Committee Members: steven h. weinberger, Vincent Chanethom

Horizon Hall, #4225
April 22, 2022, 10:00 AM to 01:00 PM

Abstract:

The Perceptual Assimilation Model (PAM) (Best, 1995) claims listeners directly perceive articulatory gestures of the vocal tract rather than the acoustic/auditory signals. Accordingly, the articulatory similarities and discrepancies between native and non-native sounds determine the perceptual assimilation patterns of the non-native sounds. This dissertation provides empirical data to verify PAM's claims by testing two under-studied languages with typologically less common consonants. In Saudi Arabic, coronals can be pharyngealized (emphatics) and consonant duration is contrastive (singletons vs. geminates). On the other hand, Seoul Korean has the three-way laryngeal contrast including aspirated, lax, and tense stops with the lax stop subject to intervocalic voicing, and it has the two-way fricative contrast. This dissertation investigates cross-language perception in which naïve Saudi Arabic listeners hear Seoul Korean sounds (/th t t* sh s*/) and Seoul Korean listeners hear Saudi Arabic sounds (/t tʕ d s sʕ/ and their geminate counterparts). By doing so, I examine how each group of listeners assimilates the non- native sounds from the other language to their native categories, and to what extent articulatory similarities and discrepancies between the sounds in the listeners’ native language and those in the stimuli predict the way listeners perceive unfamiliar sounds.

This dissertation presents one production experiment and two perception experiments. Unlike Seoul Korean, little is known about the articulatory and acoustic properties of Saudi Arabic sounds. While the understanding of Seoul Korean sounds is based on the previous phonetic works on Seoul Korean obstruents (e.g., Kim et al., 2010), the production experiment, in this dissertation, aims to understand the articulatory configurations of previously unstudied Saudi Arabic coronal obstruents, particularly in the Southern dialect. As the first step to explore the relationship between articulation and perception, the production experiment investigates the tongue root configuration and its acoustic properties during Saudi Arabic speakers’ productions of coronal obstruents, using the ultrasound tongue imaging technology. As previous studies focus on either voicing or gemination or on either stops or fricatives in an initial position, I additionally examine the effect of gemination, voicing, and manner (stops vs. fricatives, including emphatics) on the tongue root configurations during intervocalic obstruents, as well as their acoustic properties, such as durations of constrictions, voice onset time (VOT), presence and absence of vocal folds vibration, and flanking vowel durations. The articulatory findings indicate that tongue root position is significantly affected by gemination and voicing such that tongue root advancement is observed among voiced and geminate consonants.The current study also reveals manner does not make a significant difference in the tongue root position such that stops and fricatives behave similarly.
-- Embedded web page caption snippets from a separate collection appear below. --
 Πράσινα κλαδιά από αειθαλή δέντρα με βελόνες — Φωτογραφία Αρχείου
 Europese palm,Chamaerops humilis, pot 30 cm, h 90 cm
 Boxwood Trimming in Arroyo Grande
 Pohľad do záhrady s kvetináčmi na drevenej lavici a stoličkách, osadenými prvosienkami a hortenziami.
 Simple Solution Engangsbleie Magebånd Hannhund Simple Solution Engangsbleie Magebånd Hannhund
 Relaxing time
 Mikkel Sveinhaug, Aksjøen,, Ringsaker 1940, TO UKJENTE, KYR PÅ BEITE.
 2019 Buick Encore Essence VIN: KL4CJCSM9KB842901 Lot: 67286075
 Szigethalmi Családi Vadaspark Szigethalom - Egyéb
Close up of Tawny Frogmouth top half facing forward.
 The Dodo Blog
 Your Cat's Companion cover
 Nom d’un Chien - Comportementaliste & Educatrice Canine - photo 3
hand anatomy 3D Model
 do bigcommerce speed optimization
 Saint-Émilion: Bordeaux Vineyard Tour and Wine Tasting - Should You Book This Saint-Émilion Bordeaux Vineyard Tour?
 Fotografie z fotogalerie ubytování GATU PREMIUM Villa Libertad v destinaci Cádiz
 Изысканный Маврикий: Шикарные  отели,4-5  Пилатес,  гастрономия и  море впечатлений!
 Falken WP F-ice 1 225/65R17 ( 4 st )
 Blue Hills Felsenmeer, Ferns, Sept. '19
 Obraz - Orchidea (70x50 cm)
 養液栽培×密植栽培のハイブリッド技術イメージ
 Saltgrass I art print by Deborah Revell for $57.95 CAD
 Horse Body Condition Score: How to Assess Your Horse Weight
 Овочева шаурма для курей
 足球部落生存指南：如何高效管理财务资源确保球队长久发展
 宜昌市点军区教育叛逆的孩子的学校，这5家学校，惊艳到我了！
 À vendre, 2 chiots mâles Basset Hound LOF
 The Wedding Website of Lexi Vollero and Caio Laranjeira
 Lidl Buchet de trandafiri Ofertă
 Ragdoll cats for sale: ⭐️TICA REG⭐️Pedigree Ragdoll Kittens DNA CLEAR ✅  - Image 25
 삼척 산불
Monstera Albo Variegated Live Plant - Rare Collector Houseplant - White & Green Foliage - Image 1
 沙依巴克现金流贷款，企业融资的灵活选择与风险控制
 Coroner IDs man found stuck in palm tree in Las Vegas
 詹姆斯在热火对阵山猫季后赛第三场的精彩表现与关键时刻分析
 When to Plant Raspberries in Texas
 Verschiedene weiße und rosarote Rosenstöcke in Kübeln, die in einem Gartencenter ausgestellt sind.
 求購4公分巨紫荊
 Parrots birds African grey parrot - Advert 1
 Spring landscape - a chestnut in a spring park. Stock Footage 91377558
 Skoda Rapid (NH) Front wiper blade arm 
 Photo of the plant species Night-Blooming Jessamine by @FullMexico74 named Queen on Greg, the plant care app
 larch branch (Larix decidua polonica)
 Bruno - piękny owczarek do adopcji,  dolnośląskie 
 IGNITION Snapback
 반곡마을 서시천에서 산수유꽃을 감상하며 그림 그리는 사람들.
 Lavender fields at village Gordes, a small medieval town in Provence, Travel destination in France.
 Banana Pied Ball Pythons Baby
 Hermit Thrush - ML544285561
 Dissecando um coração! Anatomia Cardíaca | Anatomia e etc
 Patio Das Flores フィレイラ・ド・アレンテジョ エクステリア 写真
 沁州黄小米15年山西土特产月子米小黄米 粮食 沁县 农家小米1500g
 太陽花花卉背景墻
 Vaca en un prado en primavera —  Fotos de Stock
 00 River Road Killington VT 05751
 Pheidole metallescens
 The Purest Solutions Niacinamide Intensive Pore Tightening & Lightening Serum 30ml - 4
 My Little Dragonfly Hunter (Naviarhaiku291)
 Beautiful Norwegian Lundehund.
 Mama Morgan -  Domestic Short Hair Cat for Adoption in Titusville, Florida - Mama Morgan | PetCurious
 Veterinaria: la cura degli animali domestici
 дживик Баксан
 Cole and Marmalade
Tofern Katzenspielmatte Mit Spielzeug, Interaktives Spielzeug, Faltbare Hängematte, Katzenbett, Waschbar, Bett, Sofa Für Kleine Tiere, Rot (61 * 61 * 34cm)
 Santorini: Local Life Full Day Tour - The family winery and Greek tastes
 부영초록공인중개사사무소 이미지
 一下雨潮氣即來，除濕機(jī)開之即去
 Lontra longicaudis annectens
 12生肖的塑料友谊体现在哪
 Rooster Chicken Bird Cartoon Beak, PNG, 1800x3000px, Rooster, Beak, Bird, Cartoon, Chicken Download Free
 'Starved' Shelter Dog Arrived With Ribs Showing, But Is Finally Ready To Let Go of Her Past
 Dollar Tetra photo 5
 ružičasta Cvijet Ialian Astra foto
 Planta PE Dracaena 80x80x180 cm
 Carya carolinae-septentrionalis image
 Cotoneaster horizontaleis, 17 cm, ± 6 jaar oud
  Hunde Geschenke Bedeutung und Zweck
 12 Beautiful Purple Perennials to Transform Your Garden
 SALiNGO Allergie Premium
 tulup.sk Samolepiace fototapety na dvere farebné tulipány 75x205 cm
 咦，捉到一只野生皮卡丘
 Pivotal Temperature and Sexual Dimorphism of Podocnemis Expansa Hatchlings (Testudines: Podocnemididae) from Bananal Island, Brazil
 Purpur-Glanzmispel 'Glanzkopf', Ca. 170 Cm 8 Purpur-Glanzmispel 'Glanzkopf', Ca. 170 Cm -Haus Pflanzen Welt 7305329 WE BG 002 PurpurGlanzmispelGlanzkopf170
In terms of acoustic properties, the current results confirm that the Southern dialect of Saudi Arabic has contrastive consonant duration in word-medial positions where geminate coronals have a longer constriction duration than singleton ones. The acoustic findings put the Southern dialect of Saudi Arabic in the category of the true-voiced languages with pre-voiced, unaspirated emphatic, and aspirated stops. The duration of V1 is short, and V2 is long in the geminate sound contexts, and the opposite is true in the singleton sound contexts.

Based on PAM predictions, the investigation in the production experiment, and on the previous phonetic works on Seoul Korean obstruents, I offer a set of testable predictions on how

Saudi Arabic and Seoul Korean listeners perceive sounds from the other language. The predictions are tested in cross-language perceptual assimilation experiments. The results appear to be mostly consistent with the predictions except for a few notable patterns. Listeners generally assimilated non-native sounds to the native counterparts involving the same articulator, constriction location, VOT and/or constriction duration, as found in the case of Saudi Arabic /t d s sʕ/ and /tː dː sː sʕː/ and Seoul Korean /th t t* sh s*/. However, Saudi Arabic emphatic stops /tʕ tʕː/ are assimilated more frequently as Seoul Korean labials /p p*/ than coronals. This emphatic-to- labial assimilation pattern is not expected because /tʕ tʕː/ and /p p*/ are dissimilar articulatorily (have different places of articulation). A possible explanation for this assimilation pattern can be found in their acoustic, but not articulatory, similarity since pharyngealized sounds and labial sounds usually lower F2 of the adjacent vowels. This acoustic similarity arguably may cause the Seoul Korean listeners to assimilate the emphatic consonants to labial consonants. Taken together, the findings suggest that non-native perception is not exclusively articulatory but also acoustic.